Areas of expertise: refugee and migration history; transnational history; social history; Australian history; intelligence and surveillance history
ORCID ID: 0000-0001-6525-5555
Email: ebony.nilsson@acu.edu.au
Location: ACU Melbourne Campus
Ebony Nilsson is a research fellow at the Centre for Refugee, Migration, and Humanitarian Studies in the Institute for Humanities and Social Sciences. She is a social historian whose work specialises in migrant communities’ experiences of politics and surveillance during the Cold War. She is interested in how certain groups of migrants are designated as ‘threats’ and potential enemies, and the ways that migrants themselves experience and respond to such state controls and public perceptions.
Ebony completed her PhD at the University of Sydney. Her first monograph (under preparation) explores the transnational lives and experiences of Soviet ‘Displaced Persons’ who were resettled in Australia from Europe and China during the early Cold War and drew the attention of the Australian Security Intelligence Organisation with their political engagement.

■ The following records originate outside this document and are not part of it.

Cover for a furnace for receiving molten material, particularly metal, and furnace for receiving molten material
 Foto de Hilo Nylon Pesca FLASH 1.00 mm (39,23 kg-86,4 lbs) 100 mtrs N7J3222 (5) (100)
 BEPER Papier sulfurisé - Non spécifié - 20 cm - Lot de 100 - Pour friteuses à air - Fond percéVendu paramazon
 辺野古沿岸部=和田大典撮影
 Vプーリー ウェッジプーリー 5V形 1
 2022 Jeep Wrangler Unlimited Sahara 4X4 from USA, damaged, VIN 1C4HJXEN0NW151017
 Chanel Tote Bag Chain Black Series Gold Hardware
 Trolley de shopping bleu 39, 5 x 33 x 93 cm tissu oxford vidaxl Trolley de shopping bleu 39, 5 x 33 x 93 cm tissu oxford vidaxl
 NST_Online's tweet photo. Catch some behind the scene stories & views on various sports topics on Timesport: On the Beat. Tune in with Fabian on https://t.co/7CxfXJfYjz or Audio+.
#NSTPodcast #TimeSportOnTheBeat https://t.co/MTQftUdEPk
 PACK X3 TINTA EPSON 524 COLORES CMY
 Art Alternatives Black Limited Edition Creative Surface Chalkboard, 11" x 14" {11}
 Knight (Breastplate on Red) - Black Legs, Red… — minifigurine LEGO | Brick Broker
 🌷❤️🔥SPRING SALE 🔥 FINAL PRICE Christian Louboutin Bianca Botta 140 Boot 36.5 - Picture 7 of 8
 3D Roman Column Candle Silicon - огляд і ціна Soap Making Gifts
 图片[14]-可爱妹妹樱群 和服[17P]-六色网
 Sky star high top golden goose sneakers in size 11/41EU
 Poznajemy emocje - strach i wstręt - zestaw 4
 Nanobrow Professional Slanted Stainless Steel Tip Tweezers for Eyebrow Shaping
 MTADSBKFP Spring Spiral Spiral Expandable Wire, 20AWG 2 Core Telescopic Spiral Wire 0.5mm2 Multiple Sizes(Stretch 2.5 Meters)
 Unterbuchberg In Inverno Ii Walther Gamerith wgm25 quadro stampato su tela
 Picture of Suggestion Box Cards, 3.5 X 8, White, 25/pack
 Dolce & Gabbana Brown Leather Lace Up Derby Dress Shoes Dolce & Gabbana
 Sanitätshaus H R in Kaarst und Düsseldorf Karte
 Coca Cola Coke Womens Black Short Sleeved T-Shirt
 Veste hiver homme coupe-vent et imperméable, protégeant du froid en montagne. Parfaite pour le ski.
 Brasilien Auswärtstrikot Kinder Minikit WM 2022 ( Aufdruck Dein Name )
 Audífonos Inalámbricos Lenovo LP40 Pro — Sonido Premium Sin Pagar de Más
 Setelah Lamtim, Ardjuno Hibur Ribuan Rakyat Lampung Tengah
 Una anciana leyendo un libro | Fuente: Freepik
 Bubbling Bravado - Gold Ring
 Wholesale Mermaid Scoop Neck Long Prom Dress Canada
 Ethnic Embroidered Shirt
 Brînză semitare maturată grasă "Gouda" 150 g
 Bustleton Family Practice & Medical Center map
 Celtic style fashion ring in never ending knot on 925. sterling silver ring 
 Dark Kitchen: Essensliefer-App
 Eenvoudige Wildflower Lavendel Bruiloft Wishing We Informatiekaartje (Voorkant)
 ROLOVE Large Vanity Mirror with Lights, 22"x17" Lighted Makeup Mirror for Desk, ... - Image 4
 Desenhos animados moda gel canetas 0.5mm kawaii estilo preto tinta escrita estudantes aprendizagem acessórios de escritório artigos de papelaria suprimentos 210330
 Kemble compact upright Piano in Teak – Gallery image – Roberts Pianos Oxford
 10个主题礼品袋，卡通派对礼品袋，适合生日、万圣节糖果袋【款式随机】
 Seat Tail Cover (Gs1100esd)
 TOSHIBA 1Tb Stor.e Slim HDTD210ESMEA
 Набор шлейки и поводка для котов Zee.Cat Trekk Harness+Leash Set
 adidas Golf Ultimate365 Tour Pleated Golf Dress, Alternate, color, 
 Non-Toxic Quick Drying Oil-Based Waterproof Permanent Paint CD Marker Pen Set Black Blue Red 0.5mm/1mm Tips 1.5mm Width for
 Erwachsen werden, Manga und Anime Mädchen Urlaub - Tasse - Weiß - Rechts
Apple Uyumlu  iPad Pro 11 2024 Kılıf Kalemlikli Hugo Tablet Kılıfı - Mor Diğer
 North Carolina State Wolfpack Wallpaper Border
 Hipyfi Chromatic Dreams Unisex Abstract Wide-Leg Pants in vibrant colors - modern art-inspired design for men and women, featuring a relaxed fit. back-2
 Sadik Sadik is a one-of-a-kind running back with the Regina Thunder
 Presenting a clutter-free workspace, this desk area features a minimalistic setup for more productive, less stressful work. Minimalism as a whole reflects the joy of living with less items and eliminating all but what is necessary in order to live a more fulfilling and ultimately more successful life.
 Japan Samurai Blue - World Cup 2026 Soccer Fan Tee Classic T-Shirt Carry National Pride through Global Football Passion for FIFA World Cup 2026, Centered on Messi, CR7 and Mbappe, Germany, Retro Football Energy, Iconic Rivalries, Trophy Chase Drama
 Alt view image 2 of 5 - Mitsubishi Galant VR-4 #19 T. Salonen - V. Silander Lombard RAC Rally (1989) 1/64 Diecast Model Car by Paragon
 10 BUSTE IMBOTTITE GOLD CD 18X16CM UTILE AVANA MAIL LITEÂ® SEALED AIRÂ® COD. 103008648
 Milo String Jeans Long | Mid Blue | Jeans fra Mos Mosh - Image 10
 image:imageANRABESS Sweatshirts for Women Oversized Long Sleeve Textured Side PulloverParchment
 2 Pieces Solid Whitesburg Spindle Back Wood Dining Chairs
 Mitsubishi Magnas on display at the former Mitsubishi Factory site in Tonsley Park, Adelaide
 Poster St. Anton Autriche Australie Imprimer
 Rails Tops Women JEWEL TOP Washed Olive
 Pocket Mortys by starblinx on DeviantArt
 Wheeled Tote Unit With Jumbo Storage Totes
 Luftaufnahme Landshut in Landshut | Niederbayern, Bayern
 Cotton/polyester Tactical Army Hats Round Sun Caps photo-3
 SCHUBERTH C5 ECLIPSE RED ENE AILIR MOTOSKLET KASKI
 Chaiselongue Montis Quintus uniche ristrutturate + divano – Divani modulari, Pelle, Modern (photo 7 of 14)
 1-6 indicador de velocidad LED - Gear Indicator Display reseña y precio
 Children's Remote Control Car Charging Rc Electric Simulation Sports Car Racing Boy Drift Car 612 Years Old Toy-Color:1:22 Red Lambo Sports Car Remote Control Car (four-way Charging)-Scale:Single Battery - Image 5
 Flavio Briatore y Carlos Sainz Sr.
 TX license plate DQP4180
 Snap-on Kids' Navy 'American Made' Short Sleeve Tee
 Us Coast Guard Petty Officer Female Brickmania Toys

Ebony has published on the Sydney Russian community and is currently writing articles regarding security-based objections to migrants’ naturalisation, migrants who returned to the Soviet Union, and the surveillance of migrants in relation to the Petrov Affair. She is also developing a project on migrants designated ‘enemy aliens’ by the Australian government during the Cold War. She has lectured and coordinated courses on Australian history and intelligence history at the University of Sydney, and is part of the Australian Migration History Network’s Executive Committee.